Sokurenko is one of the leaders of a team of researchers from the University of Washington, the Minneapolis Veterans Affairs Health Care System, the University of Minnesota, Seattle Children's Hospital and Group Health Cooperative to assess the nature of H30 infections.
Analyzing epidemiological and medical data, the team explored possible associations of H30 with patient characteristics, clinical manifestations, treatment, and how well or poorly the patients fared.
Their findings are published in the journal, Clinical Infectious Diseases. James R. Johnson, staff physician and director of the Molecular Epidemiology Unit at the Minneapolis VA Health Care System, and professor of medicine at the University of Minnesota, was the lead author of the study.

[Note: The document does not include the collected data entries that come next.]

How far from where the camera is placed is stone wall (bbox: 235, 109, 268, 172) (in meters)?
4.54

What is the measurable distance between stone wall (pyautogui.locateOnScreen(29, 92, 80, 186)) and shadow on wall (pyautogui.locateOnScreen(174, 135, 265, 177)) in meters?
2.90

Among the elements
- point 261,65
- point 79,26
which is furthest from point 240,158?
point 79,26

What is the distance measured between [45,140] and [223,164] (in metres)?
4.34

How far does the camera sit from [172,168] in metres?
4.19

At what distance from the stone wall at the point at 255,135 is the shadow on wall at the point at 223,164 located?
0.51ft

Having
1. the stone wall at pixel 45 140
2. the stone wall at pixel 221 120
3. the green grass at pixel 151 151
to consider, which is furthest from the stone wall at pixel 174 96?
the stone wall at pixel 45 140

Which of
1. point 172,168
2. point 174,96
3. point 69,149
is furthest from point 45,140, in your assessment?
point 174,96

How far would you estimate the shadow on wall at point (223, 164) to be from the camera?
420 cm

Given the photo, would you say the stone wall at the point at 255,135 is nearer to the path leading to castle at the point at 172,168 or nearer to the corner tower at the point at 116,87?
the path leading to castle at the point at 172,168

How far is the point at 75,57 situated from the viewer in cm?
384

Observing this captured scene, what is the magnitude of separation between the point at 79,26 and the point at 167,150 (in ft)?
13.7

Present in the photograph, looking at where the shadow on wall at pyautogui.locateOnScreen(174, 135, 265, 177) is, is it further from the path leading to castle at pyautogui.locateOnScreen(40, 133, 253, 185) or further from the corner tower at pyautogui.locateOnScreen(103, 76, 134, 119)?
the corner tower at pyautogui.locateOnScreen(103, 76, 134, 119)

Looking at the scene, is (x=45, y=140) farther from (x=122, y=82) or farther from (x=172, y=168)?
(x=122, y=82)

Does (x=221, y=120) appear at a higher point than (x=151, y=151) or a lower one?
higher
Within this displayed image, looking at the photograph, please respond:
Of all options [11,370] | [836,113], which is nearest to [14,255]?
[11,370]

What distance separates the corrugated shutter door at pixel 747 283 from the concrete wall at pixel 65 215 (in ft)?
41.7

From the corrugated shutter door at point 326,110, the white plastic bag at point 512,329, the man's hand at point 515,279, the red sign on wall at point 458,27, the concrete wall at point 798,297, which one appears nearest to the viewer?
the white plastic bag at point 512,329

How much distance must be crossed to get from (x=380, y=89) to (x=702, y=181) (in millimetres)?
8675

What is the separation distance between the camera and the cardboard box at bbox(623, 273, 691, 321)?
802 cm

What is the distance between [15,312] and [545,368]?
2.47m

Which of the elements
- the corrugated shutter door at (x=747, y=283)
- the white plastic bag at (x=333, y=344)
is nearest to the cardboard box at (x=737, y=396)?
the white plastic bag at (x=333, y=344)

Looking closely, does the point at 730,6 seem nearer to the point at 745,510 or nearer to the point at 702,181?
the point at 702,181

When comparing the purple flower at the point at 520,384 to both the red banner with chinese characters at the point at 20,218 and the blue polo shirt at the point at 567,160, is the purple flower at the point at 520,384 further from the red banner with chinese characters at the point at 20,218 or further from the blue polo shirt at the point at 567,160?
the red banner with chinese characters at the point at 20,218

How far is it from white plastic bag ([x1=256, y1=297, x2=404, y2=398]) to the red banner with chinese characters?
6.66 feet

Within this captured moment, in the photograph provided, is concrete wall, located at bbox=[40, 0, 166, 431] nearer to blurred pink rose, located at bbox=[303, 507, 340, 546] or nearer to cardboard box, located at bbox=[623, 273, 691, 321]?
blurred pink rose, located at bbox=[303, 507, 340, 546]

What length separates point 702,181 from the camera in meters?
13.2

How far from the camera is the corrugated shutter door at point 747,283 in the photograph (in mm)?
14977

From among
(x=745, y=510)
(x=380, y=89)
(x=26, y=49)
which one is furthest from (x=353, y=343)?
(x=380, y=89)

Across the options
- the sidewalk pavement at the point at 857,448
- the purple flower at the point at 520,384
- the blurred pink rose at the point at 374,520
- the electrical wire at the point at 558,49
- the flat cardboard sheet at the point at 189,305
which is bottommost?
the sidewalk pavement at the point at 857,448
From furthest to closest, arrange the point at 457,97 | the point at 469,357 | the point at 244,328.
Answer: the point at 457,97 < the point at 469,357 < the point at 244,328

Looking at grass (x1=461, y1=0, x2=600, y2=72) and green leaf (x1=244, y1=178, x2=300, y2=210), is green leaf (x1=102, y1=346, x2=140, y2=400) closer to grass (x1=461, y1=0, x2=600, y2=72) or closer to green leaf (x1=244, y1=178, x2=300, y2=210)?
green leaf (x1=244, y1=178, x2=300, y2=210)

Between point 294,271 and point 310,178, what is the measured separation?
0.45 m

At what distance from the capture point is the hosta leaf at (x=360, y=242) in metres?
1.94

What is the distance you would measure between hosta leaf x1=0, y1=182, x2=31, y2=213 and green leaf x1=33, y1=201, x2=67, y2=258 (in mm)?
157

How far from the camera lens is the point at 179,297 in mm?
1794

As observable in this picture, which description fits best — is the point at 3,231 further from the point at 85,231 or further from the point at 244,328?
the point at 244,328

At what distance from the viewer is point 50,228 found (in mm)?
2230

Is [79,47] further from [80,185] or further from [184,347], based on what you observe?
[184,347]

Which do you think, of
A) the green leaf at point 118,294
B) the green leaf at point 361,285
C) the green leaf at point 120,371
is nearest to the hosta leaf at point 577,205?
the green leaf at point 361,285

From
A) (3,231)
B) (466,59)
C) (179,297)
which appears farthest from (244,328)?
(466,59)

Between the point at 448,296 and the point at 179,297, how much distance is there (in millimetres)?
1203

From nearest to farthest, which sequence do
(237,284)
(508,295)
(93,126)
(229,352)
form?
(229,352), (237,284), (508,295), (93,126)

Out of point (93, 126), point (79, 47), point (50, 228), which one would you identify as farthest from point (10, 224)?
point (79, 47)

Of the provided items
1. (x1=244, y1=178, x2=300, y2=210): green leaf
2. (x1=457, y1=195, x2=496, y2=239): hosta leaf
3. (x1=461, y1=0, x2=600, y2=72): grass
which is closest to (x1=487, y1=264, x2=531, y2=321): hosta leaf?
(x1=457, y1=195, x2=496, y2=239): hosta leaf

The researchers found that individuals at greater risk for E. coli H30 infection tended to be older women and men who had been in a healthcare facility, including long term care residences or hospitals, who had received antibiotics, and who had underlying conditions that weakened their ability to ward off infections.

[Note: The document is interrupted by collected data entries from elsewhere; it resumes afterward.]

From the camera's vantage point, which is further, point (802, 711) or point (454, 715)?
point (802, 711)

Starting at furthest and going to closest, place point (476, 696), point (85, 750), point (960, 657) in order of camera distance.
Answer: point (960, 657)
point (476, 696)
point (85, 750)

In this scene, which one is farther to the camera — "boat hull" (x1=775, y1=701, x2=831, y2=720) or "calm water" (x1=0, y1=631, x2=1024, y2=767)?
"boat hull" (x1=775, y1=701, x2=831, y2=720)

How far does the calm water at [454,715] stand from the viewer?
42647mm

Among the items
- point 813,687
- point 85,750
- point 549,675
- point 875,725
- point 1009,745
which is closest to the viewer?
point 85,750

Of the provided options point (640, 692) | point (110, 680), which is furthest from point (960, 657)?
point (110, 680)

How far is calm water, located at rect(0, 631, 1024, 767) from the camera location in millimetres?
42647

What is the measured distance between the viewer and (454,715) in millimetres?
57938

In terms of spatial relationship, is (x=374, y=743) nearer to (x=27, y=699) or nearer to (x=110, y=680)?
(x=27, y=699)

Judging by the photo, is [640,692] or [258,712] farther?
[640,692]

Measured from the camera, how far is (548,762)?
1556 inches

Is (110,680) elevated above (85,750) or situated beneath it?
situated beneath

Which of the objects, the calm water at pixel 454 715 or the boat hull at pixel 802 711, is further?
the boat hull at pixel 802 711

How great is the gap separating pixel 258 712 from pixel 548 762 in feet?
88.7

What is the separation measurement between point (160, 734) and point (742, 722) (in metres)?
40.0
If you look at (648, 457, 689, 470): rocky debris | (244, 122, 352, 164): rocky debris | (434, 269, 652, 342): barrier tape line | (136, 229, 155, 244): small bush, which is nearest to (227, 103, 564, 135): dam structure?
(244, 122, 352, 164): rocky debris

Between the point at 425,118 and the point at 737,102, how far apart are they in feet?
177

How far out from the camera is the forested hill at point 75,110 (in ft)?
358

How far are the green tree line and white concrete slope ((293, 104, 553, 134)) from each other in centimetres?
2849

The researchers also observed that patients who were later shown to have H30 were, at their first visit with the doctor, significantly less likely to be suspected of having an infection, and less likely to receive a proper antibiotic prescription.
Within a month afterward, patients whose initial strain was H30 were more likely to experience a severe complication, including a hospital admission or a new infection at a different site.
Thus, the researchers reported that H30 "was strongly associated with ineffective initial antimicrobial therapy, clinical and microbial persistence, and diverse, later-occurring adverse effects."
And even when the H30 infection seemed like any other E. coli infection during the first clinical encounter, and the patient received a correct antibiotic, the infection could persist for an unusually long time.
"We don't know the exact reason, but it's possible that H30 might have been hiding from the patients' natural defenses against infection, thereby impairing the body's attempt to clear the pathogen during treatment," Sokurenko said.
"Distinctive properties that perhaps allow H30 to act as a defenses-evading pathogen might also be associated with the delayed complications," he surmised.
He added that the basis for the lack of response to supposedly effective antibiotic treatment and reasons for later-appearing complications is still unclear.
"H30 might have that dangerous combination of being both highly resistant to antibiotics and highly successful as a stealth pathogen," Sokurenko said. "This double-trouble may be why H30 is so widespread and has become a superbug. What makes it worse is that can go unnoticed in a patient until it causes significant damage."
Sokurenko would like to see better ways to anticipate, detect, and diagnose H30 in the elderly or other vulnerable patients who don't have the usual symptoms of urinary tract or bloodstream infection.
In addition to improved surveillance, he also would like rapid tests to become available to determine which antibiotics may or may not work for an individual patient, to avoid antibiotic-bacteria mismatch and delayed treatment response.
"Our findings reinforce the need for a more 'individualized medicine' approach to prescribing antibiotics for E. coli infections," he said. "Also, even if the infection seems mild the patient should be monitored carefully so it does not progress unchecked."
The other authors of the study were Paul Thuras, Brian D. Johnston, Scott J. Weissman, Ajit P. Limaye, Kim Riddell, Delia Scholes, and Veronika Tchesnokova.
Three of the researchers have patent applications pending for tests for E. coli H30 strain. Sokurenko also is a founder and a major shareholder in ID Genomics.